+++ Data provided +++

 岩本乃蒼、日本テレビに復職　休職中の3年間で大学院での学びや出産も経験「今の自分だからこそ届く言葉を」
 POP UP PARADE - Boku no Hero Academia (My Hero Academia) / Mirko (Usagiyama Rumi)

+++
+++ Data provided +++

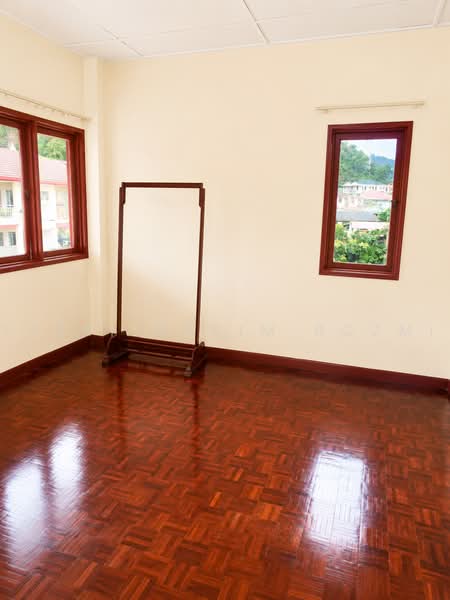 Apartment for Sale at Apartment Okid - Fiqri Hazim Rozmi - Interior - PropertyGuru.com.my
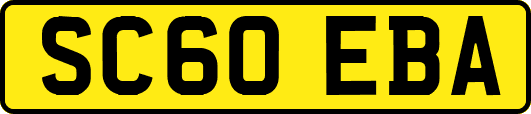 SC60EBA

+++

__Required work__: Look above for the line containing "岩本乃蒼、日本テレビに復職　休職中の3年". Output from there through the line containing "POP UP PARADE", exactly and inclusively.

__Response to this exercise__:
 岩本乃蒼、日本テレビに復職　休職中の3年間で大学院での学びや出産も経験「今の自分だからこそ届く言葉を」
 POP UP PARADE - Boku no Hero Academia (My Hero Academia) / Mirko (Usagiyama Rumi)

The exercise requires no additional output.